■ EXERCISE DETAILS ■
Start with the first line of the data and end with the line that holds "Photo7: O1225W Vintage"; write out each one exactly.

■ RECORD EXCERPTS ■

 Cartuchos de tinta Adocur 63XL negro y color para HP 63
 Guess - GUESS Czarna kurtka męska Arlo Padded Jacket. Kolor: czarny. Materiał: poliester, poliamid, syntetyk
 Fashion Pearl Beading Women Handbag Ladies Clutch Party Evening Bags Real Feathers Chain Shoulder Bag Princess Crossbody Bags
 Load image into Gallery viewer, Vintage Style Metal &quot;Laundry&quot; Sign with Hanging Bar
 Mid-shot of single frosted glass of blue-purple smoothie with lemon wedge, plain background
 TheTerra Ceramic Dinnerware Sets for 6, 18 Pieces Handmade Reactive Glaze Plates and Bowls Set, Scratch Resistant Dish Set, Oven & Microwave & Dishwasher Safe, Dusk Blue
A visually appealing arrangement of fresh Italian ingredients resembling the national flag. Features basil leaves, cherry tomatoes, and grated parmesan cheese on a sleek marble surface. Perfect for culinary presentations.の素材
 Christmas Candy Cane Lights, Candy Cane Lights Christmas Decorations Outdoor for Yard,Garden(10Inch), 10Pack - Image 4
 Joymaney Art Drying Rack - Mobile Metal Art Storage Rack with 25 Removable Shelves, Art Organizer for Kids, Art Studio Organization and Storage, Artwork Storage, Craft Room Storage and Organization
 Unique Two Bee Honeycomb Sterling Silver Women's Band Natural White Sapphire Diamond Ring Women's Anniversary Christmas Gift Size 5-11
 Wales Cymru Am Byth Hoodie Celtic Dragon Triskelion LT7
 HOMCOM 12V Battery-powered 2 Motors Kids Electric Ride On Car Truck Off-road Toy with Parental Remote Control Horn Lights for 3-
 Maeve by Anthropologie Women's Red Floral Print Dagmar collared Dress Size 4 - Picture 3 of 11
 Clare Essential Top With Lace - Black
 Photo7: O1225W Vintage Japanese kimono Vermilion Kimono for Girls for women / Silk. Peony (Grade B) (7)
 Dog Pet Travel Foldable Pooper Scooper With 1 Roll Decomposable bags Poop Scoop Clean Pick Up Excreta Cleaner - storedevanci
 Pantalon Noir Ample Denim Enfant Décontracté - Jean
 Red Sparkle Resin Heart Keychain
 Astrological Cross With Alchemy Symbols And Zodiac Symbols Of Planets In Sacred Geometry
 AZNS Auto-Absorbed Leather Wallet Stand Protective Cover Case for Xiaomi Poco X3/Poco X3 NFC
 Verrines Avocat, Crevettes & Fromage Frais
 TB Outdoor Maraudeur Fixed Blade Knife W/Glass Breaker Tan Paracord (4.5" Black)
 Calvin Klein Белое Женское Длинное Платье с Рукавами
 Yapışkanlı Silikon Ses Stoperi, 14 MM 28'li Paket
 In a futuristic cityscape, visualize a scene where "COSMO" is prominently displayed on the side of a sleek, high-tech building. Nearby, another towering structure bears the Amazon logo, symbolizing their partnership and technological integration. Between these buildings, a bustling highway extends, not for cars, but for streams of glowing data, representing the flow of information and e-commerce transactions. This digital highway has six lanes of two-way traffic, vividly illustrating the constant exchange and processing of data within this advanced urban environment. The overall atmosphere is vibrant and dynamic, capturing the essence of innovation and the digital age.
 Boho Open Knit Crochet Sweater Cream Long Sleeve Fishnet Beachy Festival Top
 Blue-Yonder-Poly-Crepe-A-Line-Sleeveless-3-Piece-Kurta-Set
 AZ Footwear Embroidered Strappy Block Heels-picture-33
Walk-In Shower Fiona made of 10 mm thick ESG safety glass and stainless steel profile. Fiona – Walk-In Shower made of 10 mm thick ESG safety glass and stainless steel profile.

■ OUTPUT ■
 Cartuchos de tinta Adocur 63XL negro y color para HP 63
 Guess - GUESS Czarna kurtka męska Arlo Padded Jacket. Kolor: czarny. Materiał: poliester, poliamid, syntetyk
 Fashion Pearl Beading Women Handbag Ladies Clutch Party Evening Bags Real Feathers Chain Shoulder Bag Princess Crossbody Bags
 Load image into Gallery viewer, Vintage Style Metal &quot;Laundry&quot; Sign with Hanging Bar
 Mid-shot of single frosted glass of blue-purple smoothie with lemon wedge, plain background
 TheTerra Ceramic Dinnerware Sets for 6, 18 Pieces Handmade Reactive Glaze Plates and Bowls Set, Scratch Resistant Dish Set, Oven & Microwave & Dishwasher Safe, Dusk Blue
A visually appealing arrangement of fresh Italian ingredients resembling the national flag. Features basil leaves, cherry tomatoes, and grated parmesan cheese on a sleek marble surface. Perfect for culinary presentations.の素材
 Christmas Candy Cane Lights, Candy Cane Lights Christmas Decorations Outdoor for Yard,Garden(10Inch), 10Pack - Image 4
 Joymaney Art Drying Rack - Mobile Metal Art Storage Rack with 25 Removable Shelves, Art Organizer for Kids, Art Studio Organization and Storage, Artwork Storage, Craft Room Storage and Organization
 Unique Two Bee Honeycomb Sterling Silver Women's Band Natural White Sapphire Diamond Ring Women's Anniversary Christmas Gift Size 5-11
 Wales Cymru Am Byth Hoodie Celtic Dragon Triskelion LT7
 HOMCOM 12V Battery-powered 2 Motors Kids Electric Ride On Car Truck Off-road Toy with Parental Remote Control Horn Lights for 3-
 Maeve by Anthropologie Women's Red Floral Print Dagmar collared Dress Size 4 - Picture 3 of 11
 Clare Essential Top With Lace - Black
 Photo7: O1225W Vintage Japanese kimono Vermilion Kimono for Girls for women / Silk. Peony (Grade B) (7)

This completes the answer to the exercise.